Fantomina Themes

Identity and Disguise

Disguise is not only a ‘Frolick’ in Haywood’s novella. It is a necessity for Fantomina to act freely in a male-dominated society. The protagonist becomes four different women through the medium of disguise: Fantomina, The Servant Girl, The Widow, and Incognita. It is only through acting as characters that belong to lower classes than she does that Fantomina can lose her virginity without losing her virtuous reputation. She presents an uncanny ability to transcend social spheres altogether, as she is able to change the appearance of her class through aesthetics alone. In the eighteenth century, social status determined identity. Therefore, Fantomina would be judged on her status as a Lady. However, Haywood inverts this to suggest instead that class and social status is based on outward impressions, not on one’s blood.
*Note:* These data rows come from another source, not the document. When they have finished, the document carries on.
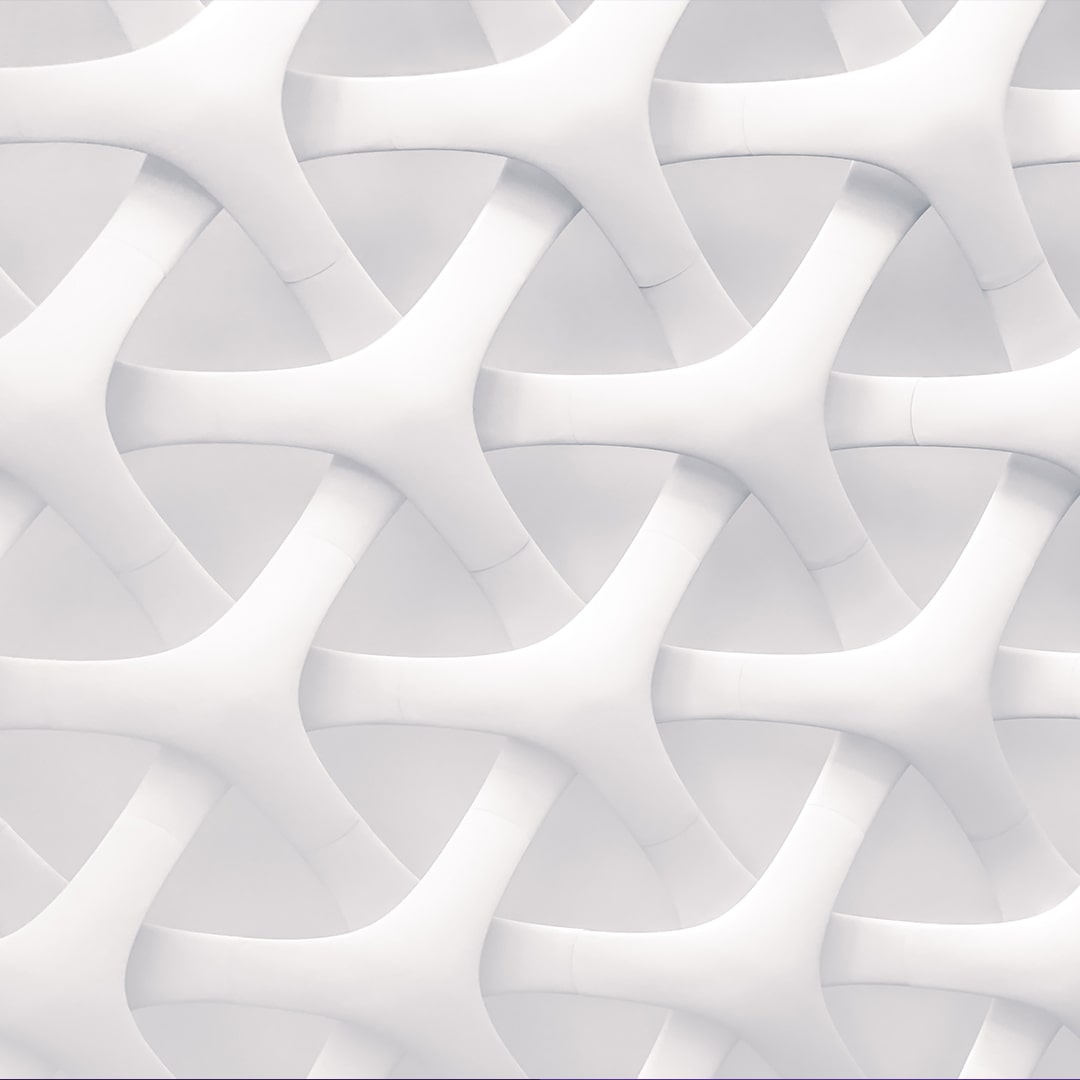 A better default ToString with PostSharp Essentials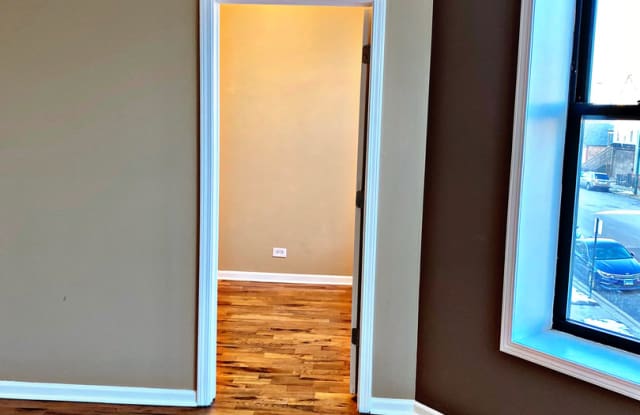 8736 South Buffalo Avenue Gallery 3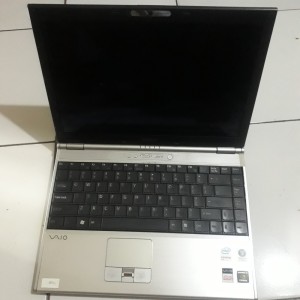 ดาวน์โหลดและฟังเพลง Apalagi พร้อมเนื้อเพลงจาก Dep9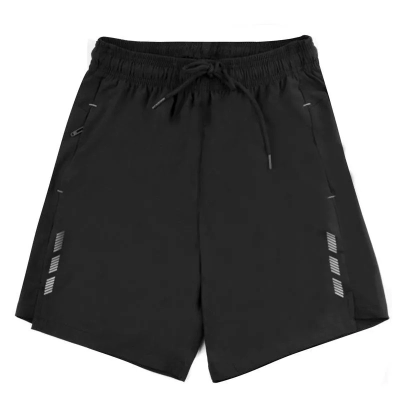 Шорты Sport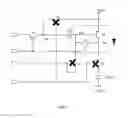 Fig. 08 - Pixel compensation circuit and display device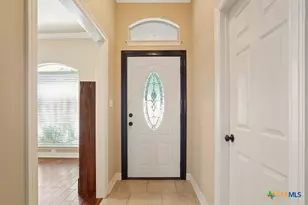 4524 Lowes Dr, Temple, TX 76502 - Photo 5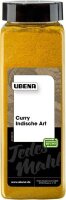 UBENA  Curry Indische Art Gewürz, 500,0 g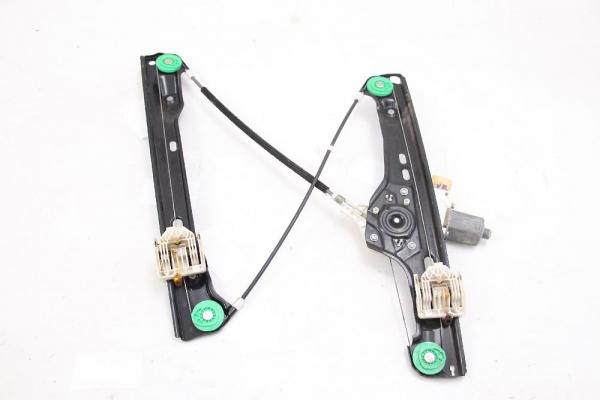 Fensterheber elektrisch vorn rechts 6927028 BMW 3er Touring E91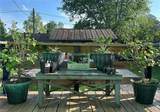 405 Buckroe Ave - Photo 12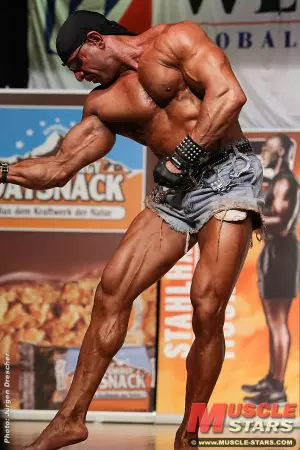 2011 nac sueddeutsche 1390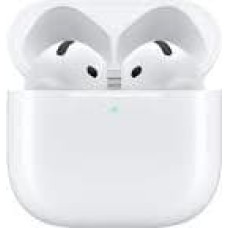 Apple Airpods 4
Discussions of gender are central to this eighteenth-century novel, as it is based primarily on the behavior of a male and a female. Fantomina manipulates what is expected of a woman: instead of exhibiting mildness and virtue, she instead exhibits an entertaining wit and ability to outsmart others. Beauplaisir, on the other hand, can be described as a ‘rake’, a typical eighteenth century ‘stock’ character that represents the vulgar and predictable nature of male behavior. Beauplaisir is accentuated as a fool through the different scenarios that Fantomina places him in, as we see especially well towards the climatic ending as she writes to him as Fantomina, Widow Bloomer, and Incognita all at once. Yet, at the end of the novella, Beauplaisir escapes unscathed, with the same lack of responsibility he has held throughout the story. This presents a complex picture: that men are promiscuous and easy to predict, yet they are still accepted as the superior gender in eighteenth-century society.


Female and male desire are completely different ideologies in the eighteenth century, and Haywood expects this to be common knowledge for her readers. Even when acting as a prostitute, belonging to a profession that centers on desire, Fantomina must still act with modesty. When in the disguise of Celia, her body is ‘half-reluctant, half-yielding’, displaying the struggle that women faced in the expression of their desires. In public, they must adopt a modest and mild exterior, yet they are still expected to please men in private. In the world of prostitution and casual intercourse, these spheres are confused. However, as a man, Beauplaisir can be both public and extremely forward with his desire. He is ‘rapacious’ in seeking the affections of all four characters Fantomina plays, and barely waits for her consent before he seeks satisfaction.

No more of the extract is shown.